Mr. Musto was a Pulitzer Prize finalist for his orchestral song cycle Dove Sta Amore, and is a recipient of two Emmy awards, two CINE Awards, a Rockefeller Fellowship at Bellagio, an American Academy of Arts and Letters award, and a Distinguished Alumnus award from the Manhattan School of Music. He is currently on the piano faculty of the CUNY Graduate Center in New York, where he also serves as Coordinator of the D.M.A. Program in Music Performance.
Baritone William Sharp has a reputation as a singer of artistry and versatility, garnering acclaim for his work in concert, recital, opera and recording. He performs actively, as he has for four decades. He has appeared with most major American symphony orchestras including those of New York, Chicago, Washington, Boston, Baltimore, San Francisco, and Los Angeles. He has created world premiere performances and recordings of works by composers such as Leonard Bernstein, John Harbison, John Musto, Jon Deak, Libby Larson, David Del Tredici, Lori Laitman, Steven Paulus, Scott Wheeler, and David Liptak. His performances and recordings of baroque and earlier music are equally acclaimed.

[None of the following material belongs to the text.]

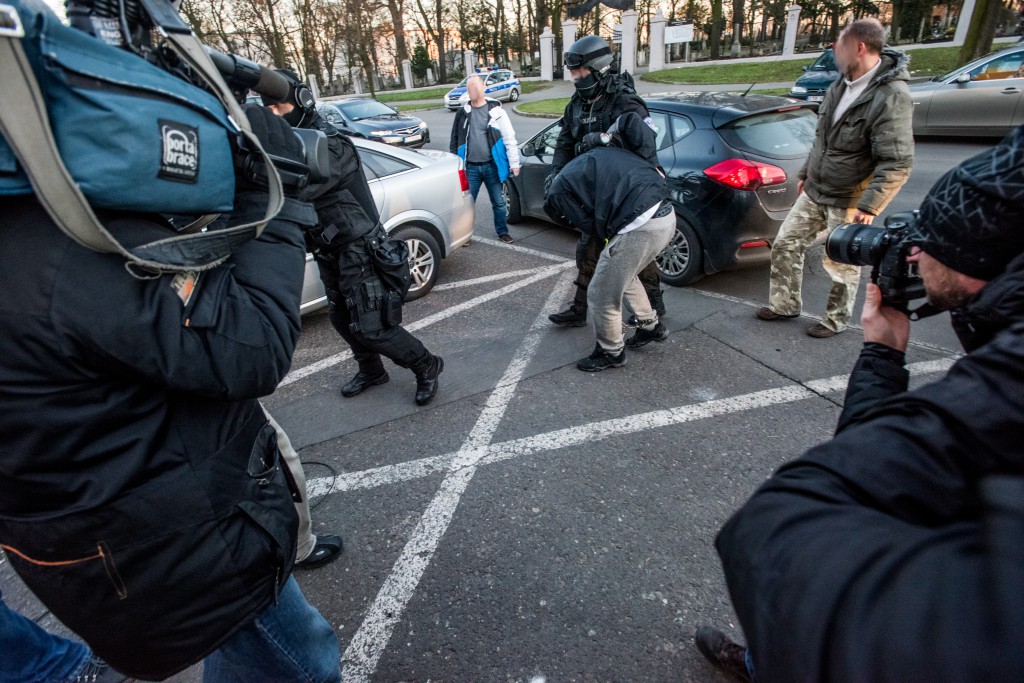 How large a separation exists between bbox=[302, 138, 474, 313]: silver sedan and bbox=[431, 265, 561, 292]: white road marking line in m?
0.17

Sharp’s discography of several dozen discs encompasses music spanning 900 years, from the 12th century to today. His 1990 world premiere recording of Leonard Bernstein’s last major work, Arias and Barcarolles won a GRAMMY Award, and he was nominated for a 1989 GRAMMY for Best Classical Vocal Performance for his recording featuring the works of American composers such as Virgil Thomson, John Musto, and Lee Hoiby. He made his New York recital debut in 1983, Kennedy Center debut in 1984, and Carnegie Hall recital debut in 1989. He is winner of the Carnegie Hall International American Music Competition, the Young Concert Artists International Auditions, the Kathleen Ferrier Memorial Prize, and the Geneva International Competition.
Sharp has taught voice at the university level since 1977 and joined the Peabody Conservatory faculty in 2002. His students are performing throughout the world in concert and opera.